# DVD purchases



## Wallamic (Aug 28, 2015)

Short and sweet. Du isn't connected yet and want to watch some movies. Anybody know of any people or stores that sell/deliver?

Appreciate the help in advance


Michael


----------



## twowheelsgood (Feb 21, 2013)

Deliver - No. 

Sell - of course - Virgin Megastore and plenty of others.


----------



## Wallamic (Aug 28, 2015)

thanks twowheelsgood. 

anybody else have any differing input?


----------



## LesFroggitts (Dec 30, 2013)

Wallamic said:


> thanks twowheelsgood.
> 
> anybody else have any differing input?


I suspect that the OP is looking for 'alternative - maybe not quite official' sources.
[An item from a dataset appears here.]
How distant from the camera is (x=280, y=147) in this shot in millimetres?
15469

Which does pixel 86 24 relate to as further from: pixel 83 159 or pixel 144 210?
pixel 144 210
If so then there's no chance of any being suggested on open forum as it's simply not acceptable to the forum rules.

If I'm mistaken - then let me point the OP to Souq.com, they deliver but waiting for DU to install may be the quicker option


----------



## Wallamic (Aug 28, 2015)

Thanks. and yeah. Maybe someone will DM me...... Also, whats OP? Like Opie from the tv show?


----------



## LesFroggitts (Dec 30, 2013)

Wallamic said:


> Thanks. and yeah. Maybe someone will DM me...... Also, whats OP? Like Opie from the tv show?


No-one will 'DM' (or more correctly PM on this forum) you until you achieve the required forum status that enables such a functionality.

And "OP" quite simply is "Original Poster" meaning the instigator of the thread.

I still doubt very much you'll find what you're looking for - how about going down to the less salubrious areas of Dubai and search them out yourself.


----------



## GloballyRelaxed (Nov 5, 2014)

There's a DVD rental outlet at the Springs Spinneys store.


----------



## Wallamic (Aug 28, 2015)

LesFroggitts said:


> No-one will 'DM' (or more correctly PM on this forum) you until you achieve the required forum status that enables such a functionality.
> 
> And "OP" quite simply is "Original Poster" meaning the instigator of the thread.
> 
> I still doubt very much you'll find what you're looking for - how about going down to the less salubrious areas of Dubai and search them out yourself.


Not sure if this an aggressive reply or not. But thanks for clearing this up. I see you have been in Kuwait and I have as well. Thats the reason I ask because while in Kuwait I had the number of a very nice guy that would deliver me DVDs. I know that Kuwait and Dubai are very different but you never know until you ask.


----------



## twowheelsgood (Feb 21, 2013)

There's also a shop selling box sets in the Spinneys complex at Umm Sequim.


----------



## LesFroggitts (Dec 30, 2013)

Wallamic said:


> Not sure if this an aggressive reply or not. But thanks for clearing this up. I see you have been in Kuwait and I have as well. Thats the reason I ask because while in Kuwait I had the number of a very nice guy that would deliver me DVDs. I know that Kuwait and Dubai are very different but you never know until you ask.


What aggression - Until you reach sufficient posts you won't be able to send or receive private messages - simply stating a fact aseasily determined by checking the forum rules.

You'll find those types of vendors down in places like Deira - but I've not encountered anyone providing the type of supply we had in Kuwait  Our guy in Kuwait used to come to the office with his catalogue in which there must have been a few hundred quite up to date examples - though sometimes the quality may not have been so good (or so I'm told  )

As for the suggestions already posted on where to buy, they're for legit supplies and the OP is looking for something a little 'cheaper'


----------



## Wallamic (Aug 28, 2015)

No worries, like I said, I wasn't sure if there was aggression. Appears not. So you know the guys I'm talking about. Just hoping that there was the same here and wished they delivered. But I'll just wait for Du and use my WiFi biscuit and Popcorn Time until then. Thanks everyone.


----------